東京大学 大気海洋研究所50年史 1992-2001 東京大学 大気海洋研究所50年史 1992-2001

第3章 大気海洋研究所の設立への歩み

3-1 大気海洋研究所の設立

3-1-5 設立

ほとんどの大学でそうであるように,本学でも部局(研究科や研究所)の長や内部規則などは,部局の教授会が決定することになっている.しかし,その教授会は部局の長が招集し,また管理運営上の諸々も部局の長が指揮・命令することになっている.したがって,新研究所を立ち上げる際,当初から所長が存在する必要がある.本学での比較的最近の類似事例である情報学環設立の際の手続きなどを参考に,最初の所長および諸規則を決めるため,2010年1月に総長の管理下に「東京大学大気海洋研究所設立準備委員会」が設置された.構成メンバーは,それぞれの執行部の教員を中心に,海洋研究所教授会および気候システム研究センター教員会議で選出された.設立準備委員会は,1月から3月に3回の会合を開き,両組織および「海洋研究所・気候システム研究センター連携準備委員会」で検討を進めてきた新研究所の理念を整理した文書「大気海洋研究所の基本理念・基本目標・組織の基本構想」を確認した[➡0―4―2].また,上記のような検討過程を経て提案された大気海洋研究所の諸規則案を審議し決定した.所長については,西田睦海洋研究所長を海洋研究所での当初の任期末までに当たる1年間(2010年4月~2011年3月)に限り大気海洋研究所の所長候補者とすることについて,海洋研究所教授会および気候システム研究センター運営委員会においてそれぞれ承認された.その結果に基づき,同設立準備委員会は審議の結果これを了承し,大気海洋研究所の初代所長に西田睦教授が就任することになった.
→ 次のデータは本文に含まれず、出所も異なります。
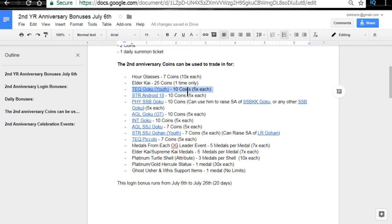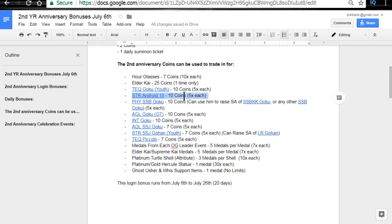The next one is Strength Android 18. This one might be a little bit better. Still a low priority in my opinion, just because you can get the SR variants. If you're doing pulls and you get them, you can Z-awaken them, give her a 50% chance to raise her super attack. She's also available with Baba Gems.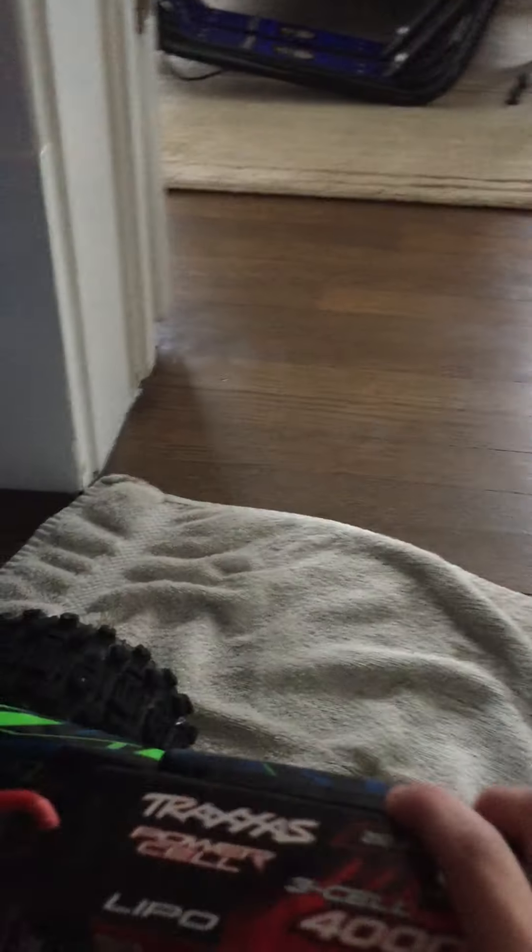Hello everybody. Today we're going to be doing a review on the Haas 4x4 XL Monster Truck from Traxxas.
以上のような経過を経て,2010年4月1日,大気海洋研究所が正式に発足した.同日,柏キャンパスの大気海洋研究棟の会議室において,大気海洋研究所第1回教授会が総勢50名を超えるメンバーの出席で開催され,新研究所はその活動を開始した.

今後,本所は,研究,教育,共同利用・共同研究,アウトリーチ,国際貢献などの面で,より活発な活動を展開することに精力を注ぐことになる.ここで,本所の足元に残された課題をひとつ挙げるとするならば,それはスペースの問題である.本所設立のタイミングが,海洋研究所の柏移転作業開始よりも少し後になったため,現在は海洋系メンバーの居室・実験室と気候系メンバーのそれとが,柏キャンパスの東西に離れて存在せざるを得ないことになった.柏キャンパスはまだ形成途上である.したがって,いずれそう遠くない将来に,全所のメンバーが同じスペースでより緊密に連携・共同して研究教育活動ができるようにすることは十分に可能であろう.その実現が今後の課題として本所に残されている.